CDMA receiver capable of estimation of frequency offset in high precision

1. An automatic frequency controlling method for controlling an oscillation frequency in a code division multiple access system using a spectrum spreading technique which has a frame format in which pilot symbols and data symbols are time multiplexed for transmission and in which a variable transmission symbol rate is realized by making a spreading rate variable under a constant chip rate, said method comprising: in-phase summing in at least two different in-phase summation rates the pilot symbols each having a complex vector expression over a predetermined length of a symbol interval after converting the pilot symbols into respective complex vector expressions by canceling data modulated components of the pilot symbols; estimating a frequency offset based on a result of conjugate complex multiplication of a plurality of said complex vector expressions which are subjected to the in-phase summing; and controlling the oscillation frequency of a crystal oscillator in accordance with an estimation of the frequency offset calculated through the estimating of the frequency offset.

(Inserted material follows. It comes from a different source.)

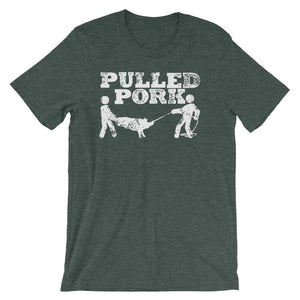 Shirt - Pulled Pork - B.A.D. Tee
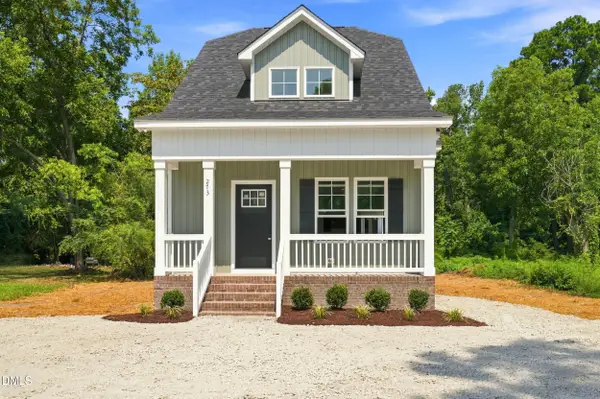 273 Millers Chapel Road, Goldsboro, NC 27534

2. An automatic frequency controlling method according to claim 1 , said method further comprising: converting a received frequency signal into an intermediate frequency signal in accordance with the oscillation frequency; and orthogonally demodulating the intermediate frequency signal based on the oscillation frequency.

3. An automatic frequency controlling method according to claim 1 , said method further comprising: obtaining a baseband signal having an in-phase component and an orthogonal component through the orthogonal demodulation and converting into digital signals by A/D converters, respectively; inversely spreading the digital signals by inversely spreading units to separate the pilot symbols from the data symbols; and converting the pilot symbols into the respective complex vector expressions by canceling the data modulated components of the pilot symbols.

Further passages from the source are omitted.